NASA's Psyche spacecraft, launched in October 2023, successfully performed a Mars flyby last week, using the planet's gravity to gain a 1,000-mile-per-hour speed boost and adjust its trajectory toward the asteroid Psyche. The flyby also served as a dress rehearsal for the spacecraft's science instruments, which will be used to study the metal-rich asteroid upon arrival in summer 2029.

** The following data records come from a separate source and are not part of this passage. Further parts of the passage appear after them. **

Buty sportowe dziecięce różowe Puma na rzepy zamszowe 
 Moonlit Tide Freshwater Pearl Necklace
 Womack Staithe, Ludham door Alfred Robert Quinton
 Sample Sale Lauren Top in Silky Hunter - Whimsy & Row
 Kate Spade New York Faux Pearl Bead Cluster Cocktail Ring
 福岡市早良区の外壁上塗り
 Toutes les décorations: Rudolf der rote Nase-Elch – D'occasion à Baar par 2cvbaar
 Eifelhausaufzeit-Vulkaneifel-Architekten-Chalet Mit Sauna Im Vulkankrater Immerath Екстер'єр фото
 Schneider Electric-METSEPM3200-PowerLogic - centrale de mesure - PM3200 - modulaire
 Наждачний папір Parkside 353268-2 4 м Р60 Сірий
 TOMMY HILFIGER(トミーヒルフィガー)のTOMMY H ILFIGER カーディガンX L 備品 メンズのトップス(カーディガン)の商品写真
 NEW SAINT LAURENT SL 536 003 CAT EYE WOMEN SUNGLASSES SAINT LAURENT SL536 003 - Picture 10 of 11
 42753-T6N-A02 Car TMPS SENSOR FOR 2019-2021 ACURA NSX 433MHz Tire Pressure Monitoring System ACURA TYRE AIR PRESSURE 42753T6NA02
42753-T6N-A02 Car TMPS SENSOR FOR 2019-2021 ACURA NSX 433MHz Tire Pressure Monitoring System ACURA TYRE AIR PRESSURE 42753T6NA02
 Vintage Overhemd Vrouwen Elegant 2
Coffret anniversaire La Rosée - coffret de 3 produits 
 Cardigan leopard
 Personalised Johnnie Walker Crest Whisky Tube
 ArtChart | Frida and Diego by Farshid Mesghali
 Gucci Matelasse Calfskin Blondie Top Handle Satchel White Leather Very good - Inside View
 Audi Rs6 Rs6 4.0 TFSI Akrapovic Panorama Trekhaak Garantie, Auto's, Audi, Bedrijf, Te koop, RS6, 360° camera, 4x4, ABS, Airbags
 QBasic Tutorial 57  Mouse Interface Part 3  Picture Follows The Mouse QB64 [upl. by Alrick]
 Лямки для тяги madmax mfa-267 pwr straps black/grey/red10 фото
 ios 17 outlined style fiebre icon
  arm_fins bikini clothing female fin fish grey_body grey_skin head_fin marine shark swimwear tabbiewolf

read2 min views6 publishedMay 20, 2026

Not quite halfway through a six-year sojourn through the Solar System, a NASA spacecraft used a close encounter with Mars last week as a dress rehearsal for its arrival at the Solar System’s largest metal asteroid in 2029. The Psyche mission launched more than two-and-a-half years ago, in October 2023, from Kennedy Space Center, Florida, to kick off a journey of some 2.2 billion miles (3.6 billion km) to reach its unexplored namesake, the asteroid Psyche. The robotic research mission got an initial lift from a powerful SpaceX Falcon Heavy rocket. It uses plasma engines to gradually build up the impulse needed to reach its destination in the asteroid belt, between the orbits of Mars and Jupiter. A flyby of Mars last Friday gave the spacecraft its most significant boost since launch. Navigators at NASA’s Jet Propulsion Laboratory in California set up the spacecraft for a course taking it 2,864 miles (4,609 km) from the Martian surface, well above the planet’s tenuous atmosphere. Psyche used Martian gravity like a slingshot to gain enough speed to reshape its orbit around the Sun, putting the probe on a path to intercept its asteroid target. Right on the money “Although we were confident in our calculations and flight plan, monitoring the DSN’s (Deep Space Network’s) Doppler signal in real time during the flyby was still exciting,” said Don Han, Psyche’s navigation lead at JPL, in a statement. “We’ve confirmed that Mars gave the spacecraft a 1,000-mile-per-hour boost and shifted its orbital plane by about 1 degree relative to the Sun. We are now on course for arrival at the asteroid Psyche in summer 2029.” The gravity assist was the main goal of the Mars flyby, but ground teams used the encounter to test the spacecraft’s three science instruments: a multispectral imager consisting of two cameras, a gamma-ray and neutron spectrometer, and a magnetometer. Similar sensors are flying on other spacecraft that are permanently studying Mars, so the real benefit of running the instruments during Psyche’s encounter was for scientists to use the flyby as a practice run for when it reaches the asteroid Psyche.